Internet ha le sue magagne, ma su internet troviamo anche la cura, scrive Mrs Heffernan. Consiglia quindi il distacco da Facebook o da Twitter (di “magico” non hanno più niente, chi li usa lo sa, mentre sul fronte delle “perdite” ognuno tiene il conto delle proprie) da compensare dosi massicce di film e serie. Cose scritte da professionisti, non dall’ex compagno di scuola già antipatico allora, né dal rancoroso senza grammatica.
Anche la fiction può rendere fanatici, lo sappiamo noi che abbiamo letto “Misery” di Stephen King (vale anche il film di Bob Reiner con Kathy Bates). Ma sono eccezioni: di solito i lettori o spettatori chiedono indietro un personaggio con educazione e garbo, oppure rivolgono l’arma contro se stessi, alla maniera di Madame Bovary. Quanto ai dati rubati, possiamo illuderci che Netflix usi i nostri solo per produrre brutti film costruiti come i “cadaveri squisiti” dei surrealisti: ognuno scrive una scena senza preoccuparsi delle altre.

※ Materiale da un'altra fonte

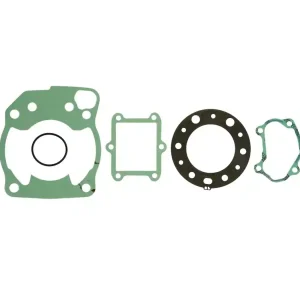 Set garnituri Honda CR 250 R (92-01) 2T LC 250cc Expediere rapidă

“Broadchurch”, “Luther”, “The Fall”, “Marcella” sono le serie consigliate, tutte british, tutte con investigatori professionisti. Sconsigliabile fare lo stesso con una serie d’avanguardia come “Westworld”, si otterrebbe l’effetto opposto: il tormento su quel che è vero o solo immaginato, su chi è robot e chi creatura umana, su indovinelli etici buttati lì a manciate, non vi lascerà tanto facilmente. Per riposare il cervello, nulla funziona meglio dei detective che decifrano gli indizi, e lavorando da professionisti rimettono a posto il delittuoso disordine.
Altro bel colpo di scena. Non solo Virginia Heffernan su Wired rivaluta la negletta fiction. Celebra come antidoto contro le fake news la fiction meno fantasiosa in circolazione. Le dietrologie e i sospetti hanno stancato. Dentro la caverna di Platone stiamo benissimo.